ILO raporunun düşündürdükleri, bizdeki işsizler, işsizlik ödeneğiGeçen hafta içerisinde Uluslararası Çalışma Teşkilatı (ILO), 2012 Küresel İstihdam Durum Raporu'nu açıkladı. Rapor, çok çarpıcı rakamlara yer vererek işsizliğin giderek en tehlikeli boyutlara ulaştığını açıkladı.
İşsizlikte dünya çapında 200 milyonluk bir birikim meydana gelmiş durumda
İşsizliğin bu denli artmasında şüphesiz ki yaşanan küresel ekonomik krizin etkisi büyük, son üç yıldır ülke ekonomilerinde büyümenin yavaşlaması, devam eden krizin ve ekonomide kötüleşme beklentilerinin etkisiyle, işsizlikte dünya çapında 200 milyonluk bir birikim meydana gelmiş durumda. Bu da krizin başlangıcı itibariyle 27 milyonluk bir artış anlamına geliyor.
Ayrıca önümüzdeki 10 yıl içinde, işsizlik rakamlarının daha da artmaması için dünya genelinde 400 milyon yeni işe ihtiyaç duyulacak.
ILO Raporu; "sürdürülebilir büyümeyi" yaratabilmek için, önümüzdeki 10 yıl içinde 600 milyon yeni iş imkânı sağlanması gerektiğini söylüyor. Böyle bir durumda bile, büyük çoğunluğu gelişmekte olan ülkelerde olmak üzere yaklaşık 900 milyon çalışan ve ailesi, yaşamlarını günlük 2 dolar olan açlık sınırının altında sürdürüyor olacak.
İşsizlikte ortaya çıkan bu artışa karşılık, yeni iş yaratma potansiyelinin bütün ülkelerde giderek zayıfladığına raporda dikkat çekiliyor. Rapora göre, mevcut göstergeler, 2016 yılına kadar dünya işsizlik rakamlarında bir değişiklik olmayacağını ve yüzde 6 seviyelerinde seyretmeye devam edeceğini gösteriyor. Bu da 2012 yılında, fazladan 3 milyonluk işsizlik anlamına geliyor, diğer bir değişle hali hazırdaki 200 milyon işsiz sayısı 2012'de 206 milyona yükselecek. Küresel büyüme yüzde 2' nin altına düşerse, dünya işsizlik rakamları daha da hızlı artış gösterecek ve beklenen taban rakamlarından 4 milyon fazla olarak, 2012'de 204'ün ve beklenen taban rakamlarından 6 milyon fazla olarak 2013'te 209 milyonun üzerine çıkacak. Euro borç krizinin çabuk aşılmasına dayanan daha iyimser bir senaryoya göre ise, 2012 yılında, dünya işsizlik rakamları beklenenin 1 milyon altında çıkabilir. 2012 yılında da 1.7 milyon altında gerçekleşebilir. Böyle bir durum bile, küresel işsizlik rakamlarında büyük değişimlere yol açmaya yeterli olmayacak ve işsizlik yüzde 6 civarlarında seyretmeye devam edecek.
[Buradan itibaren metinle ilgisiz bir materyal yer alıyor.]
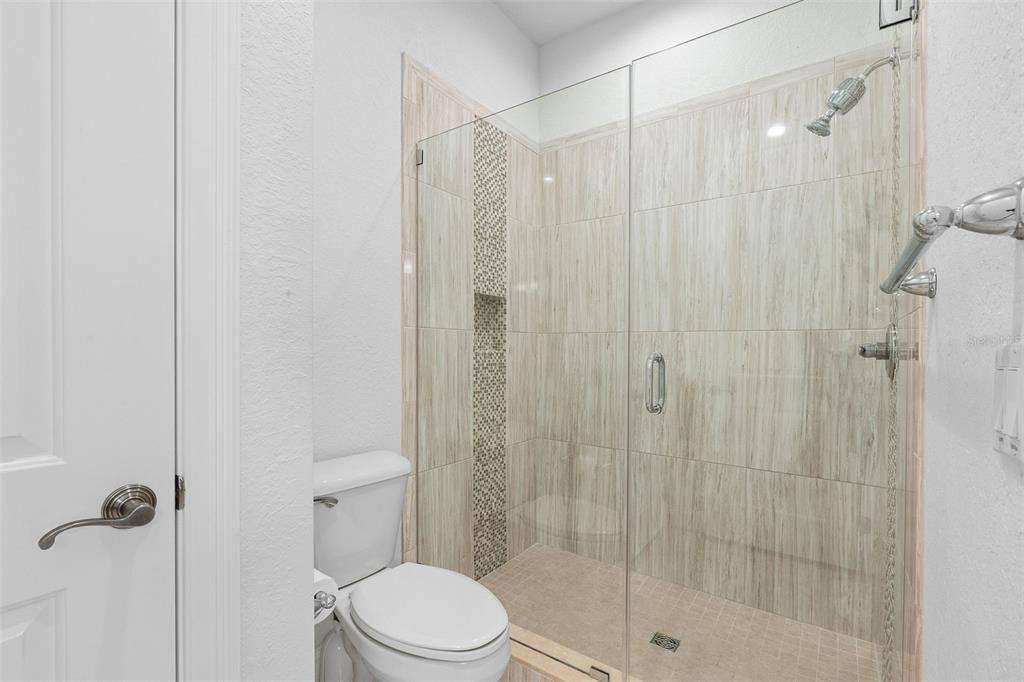 For Rent: $4,500 (3 beds, 2 baths, 1884 Square Feet)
İşsizlik özellikle gençleri etkiliyor
Yine ILO Raporu'na göre; 2011 yılında, yaşları 15-24 arasında değişen 74.8 milyon genç, işsiz durumda. Bu rakam 2007 yılından bu yana 4 milyonluk artış gösterdi. Küresel genç işsizlik oranları yüzde 12.7 civarında. Aynı zamanda, 6.4 milyon genç, iş bulma ümidini kaybetmiş ve dolayısıyla iş piyasasından çıkmış durumda. Hali hazırda işi olan gençlerse, part - time işlerle yetinme ve kısa süreli sözleşmeyle çalışma koşulları ile karşı karşıya.
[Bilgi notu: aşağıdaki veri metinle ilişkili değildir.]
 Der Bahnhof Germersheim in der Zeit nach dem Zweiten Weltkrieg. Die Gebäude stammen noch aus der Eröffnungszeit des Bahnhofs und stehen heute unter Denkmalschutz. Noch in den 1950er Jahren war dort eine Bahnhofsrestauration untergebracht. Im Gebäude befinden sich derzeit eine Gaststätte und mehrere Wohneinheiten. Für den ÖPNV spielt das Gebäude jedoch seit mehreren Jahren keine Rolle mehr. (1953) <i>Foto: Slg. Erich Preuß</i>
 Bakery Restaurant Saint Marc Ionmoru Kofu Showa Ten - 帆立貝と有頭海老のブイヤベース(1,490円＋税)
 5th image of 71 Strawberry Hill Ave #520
Türkiye'de işsizlik göstergeleri daha olumlu
Türkiye'de işsizlik krizle birlikte Cumhuriyet tarihinin en üst noktasına taşındı. Yüzde 16 civarında ortaya çıkan işsizlik bugüne kadar görülmemiş bir orandı. Ancak bu oranda bir müddet sonra gerileme yaşanmaya başladı. Bu gerileme bugüne kadar devam etti. En son açıklanan hane halkı işgücü anketine göre işsizlik yüzde 9.1'e düştü. Hatta bir önceki ay açıklanan işsizlik oranı yüzde 8.8.
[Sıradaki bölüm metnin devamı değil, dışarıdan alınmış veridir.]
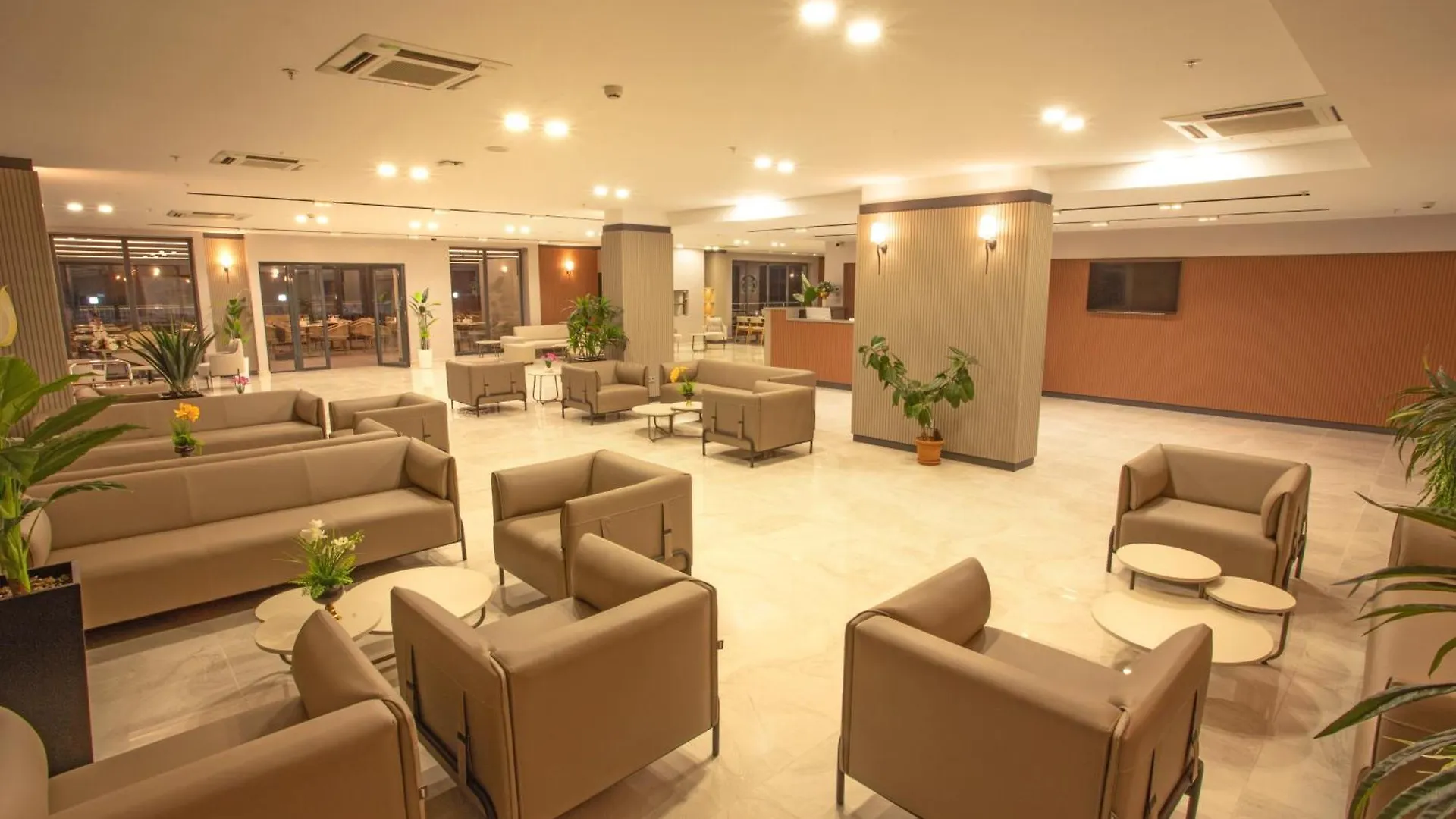 First Joy Hotel Trabzon 4*,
Bu oranlar özellikle AB ülkeleri ile kıyaslandığında oldukça umut verici. İşsizlik bakımından krizin etkileri, Türkiye açısından diğer ülkelere göre, hafif atlatıldı diyebiliriz.
Türkiye'de işsizlik yapısal özellikler taşıyor
Türkiye'de işsizlik esasen yapısal özellikler taşıyor. Yani AB ülkelerinde ortaya çıkan dönemsel işsizlikten farklı. Her şeyden önce, işgücü piyasasında işçi talep edenle iş isteyen arasında "istenilen nitelik" bazında sorunlar var. Gerçekten de eğitim sisteminin piyasa koşullarını karşılamaktan uzak olması, gelişen teknolojik şartlara uyum sağlayamayan bir işgücü deposunun var olması temel sorun. Bu durum daha çok genç işgücünü etkiliyor. Genç işsizlik oranı son açıklanan istatistiklere göre yüzde 17.4.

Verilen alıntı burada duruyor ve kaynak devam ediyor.